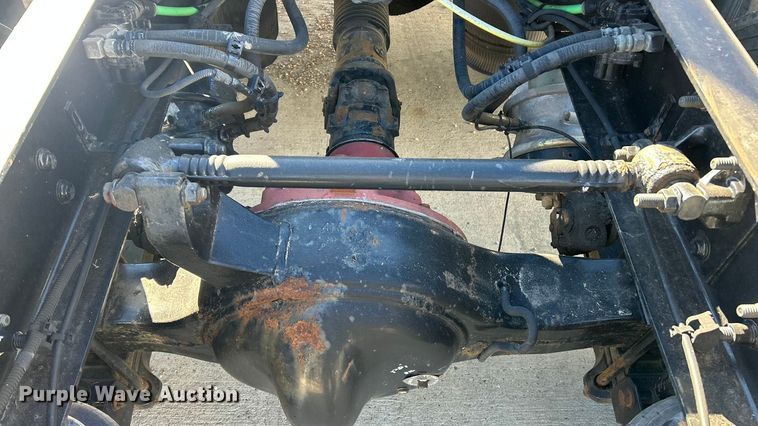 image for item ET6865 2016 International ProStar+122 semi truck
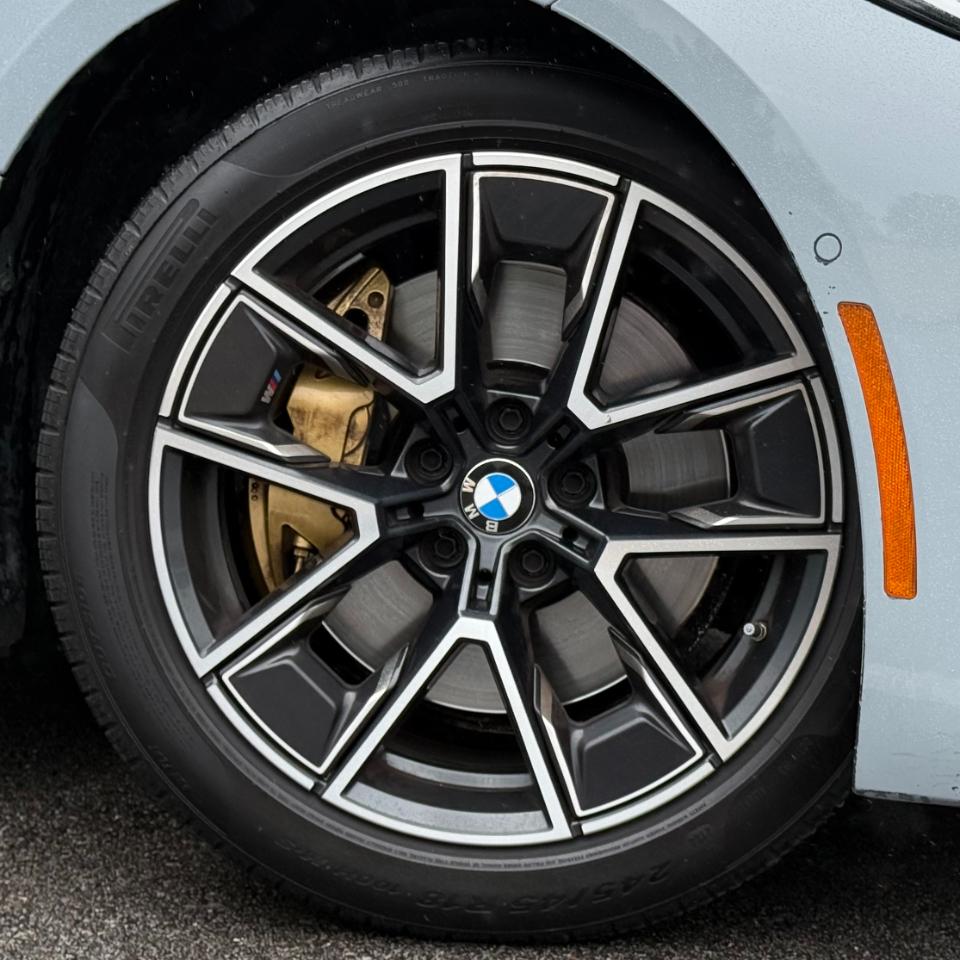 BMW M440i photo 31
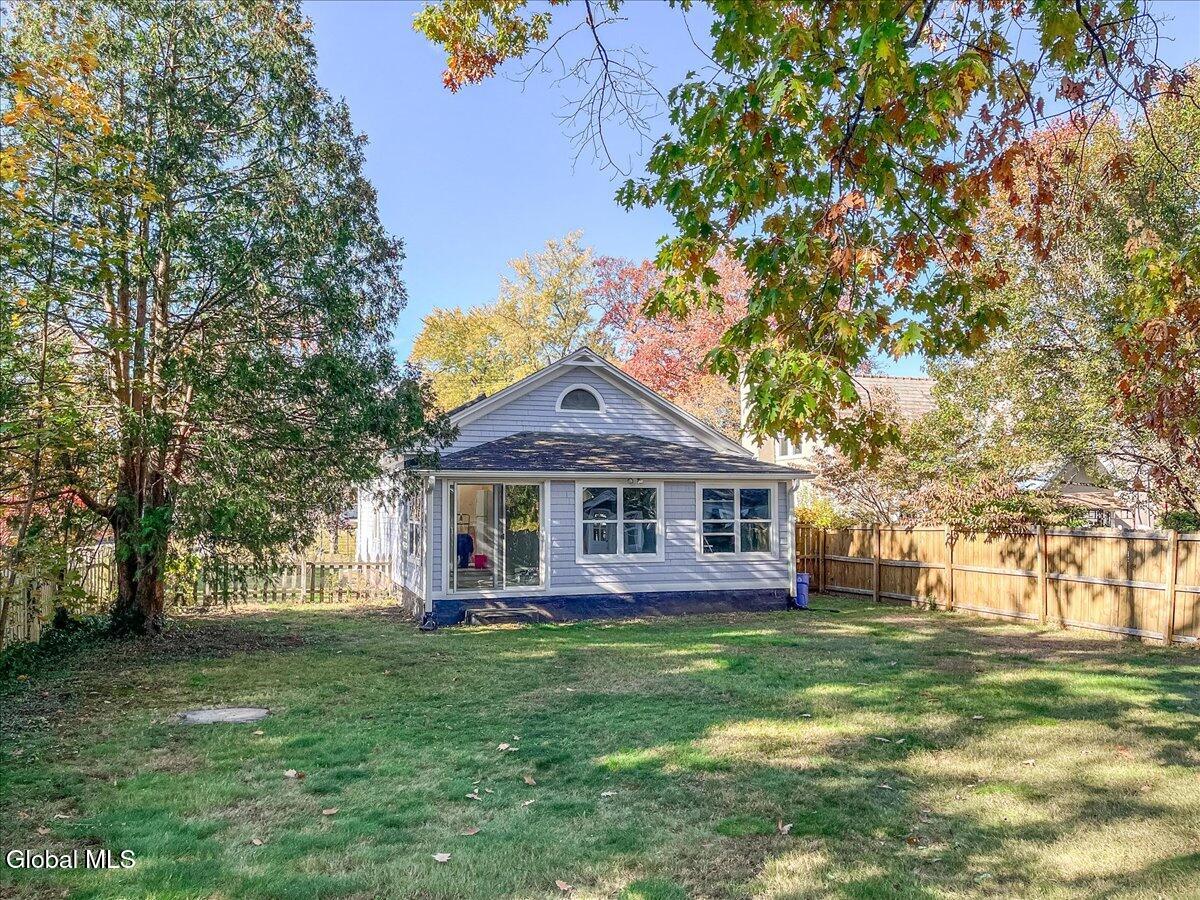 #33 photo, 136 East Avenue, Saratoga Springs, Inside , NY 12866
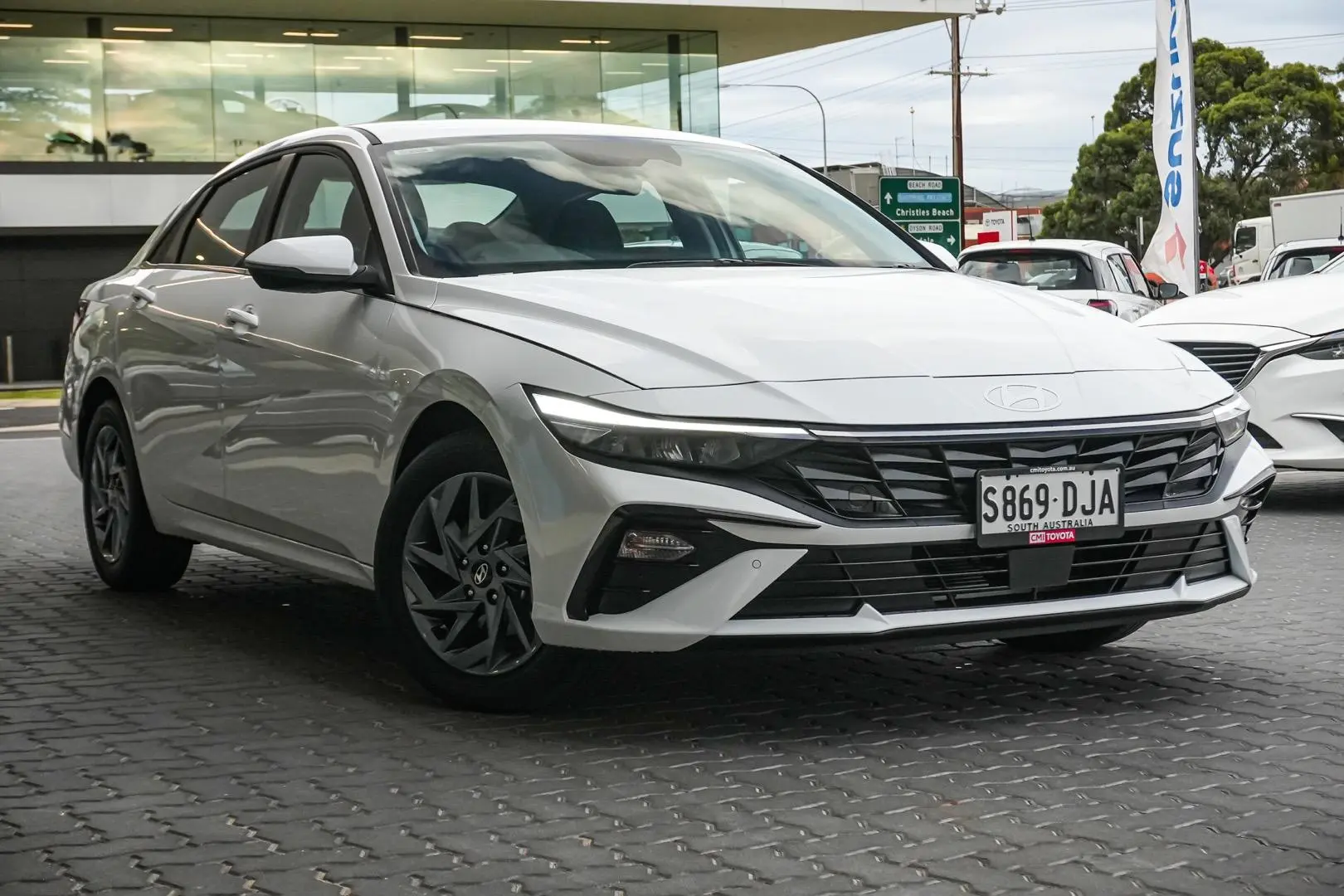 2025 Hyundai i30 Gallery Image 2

.....

Quote the material exactly. Pictures stay out.

### SOLUTION TO THE PROBLEM
 image for item ET6865 2016 International ProStar+122 semi truck
 BMW M440i photo 31
 #33 photo, 136 East Avenue, Saratoga Springs, Inside , NY 12866
 2025 Hyundai i30 Gallery Image 2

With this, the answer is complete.